An amount of N$22.54 million is earmarked for the development of the forestry sector; and N$66,1 million has been allocated to supervision and support services.
"The budget I am motivating is for the basic needs for human kind, namely, bread and butter issues, and food and water, without which life comes to a standstill and for the sustainable socio-economic development of our people," he motivated.
However, he said it is disheartening to note that despite the significance of agriculture, water and forestry to the nation's livelihood and economic development, the allocations to this crucial sector of the economy is continuously on a decline.
Namibia has also made commitments at global, continental, regional and national levels. The allocations to the sector have dropped from an average of 4.6 percent over the past 11 years to 2.9 percent of the total national budget currently.
This, he said is contrary to the commitment as a country under the frameworks of the Sustainable Development Agenda 2030 at global level, the Comprehensive Africa Agriculture Development Programme at continental level as articulated in the Maputo and Malabo Declarations where we committed ourselves to allocate not less than 10 percent of national budget to agriculture.
Furthermore, he noted, at national level, the agricultural sector has an obligation to ensure that there is food at all times to feed the growing population and that no one dies of hunger, which is attributed to lack of food. This is outlined in the country's Vision 2030, the fifth National Development Plan (NDP5) and Harambee Prosperity Plan (HPP), where agriculture is one of the four strategic priority sectors to be fast-tracked during the Harambee period.

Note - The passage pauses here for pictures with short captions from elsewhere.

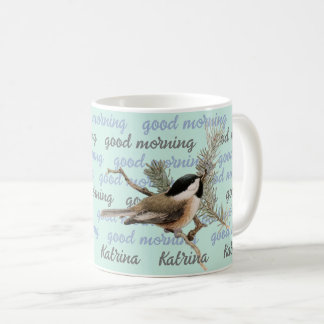 Good Morning Personalized Woodland Chickadee Mok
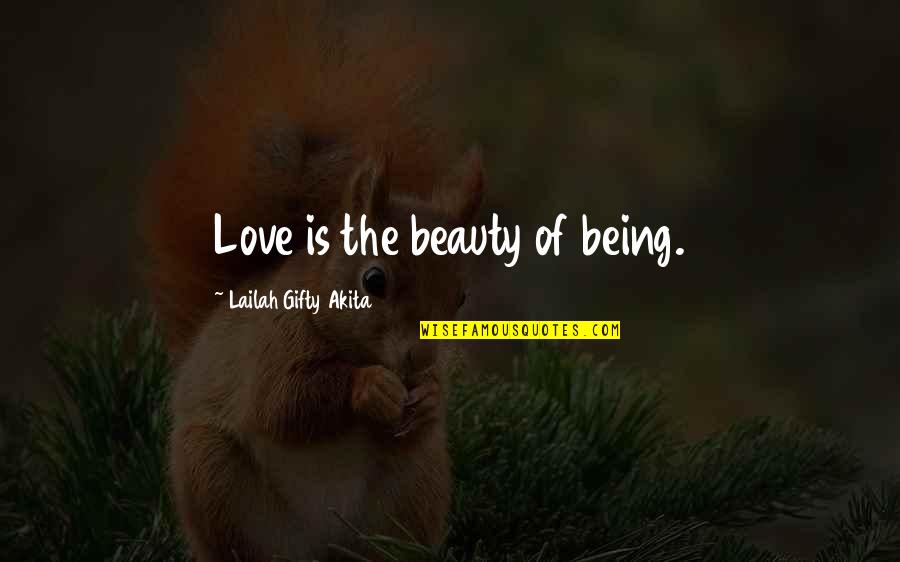 Healing Love Quotes By Lailah Gifty Akita: Love is the beauty of being.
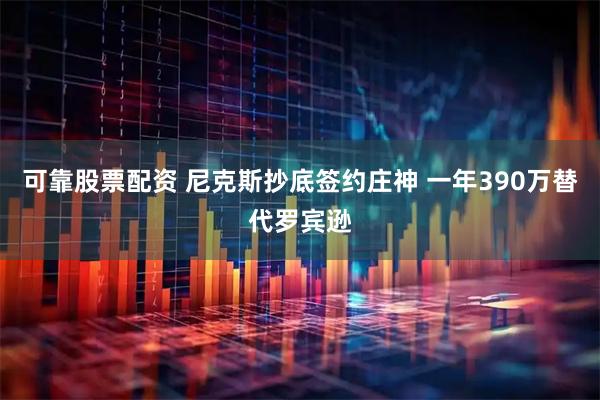 可靠股票配资 尼克斯抄底签约庄神 一年390万替代罗宾逊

According to him, agriculture remains a strategic sector as it continues to supports about 70 percent of the Namibian population and employs about 167 242 individuals (90 076 male and 77 166 female), which represents 15.3 percent of the total Namibian workforce (Namibia Labour Force Survey, 2018).
He further noted that for Namibia to attain the noble objectives of Vision 2030, NDP5 and HPP, agriculture that supplies water, food and raw materials required for industrialisation need to be accorded the priority it deserves in the national budget allocation.
This, he says is because agriculture is inextricably linked with, and is key for the attainment of 14 of the Sustainable Development Goals.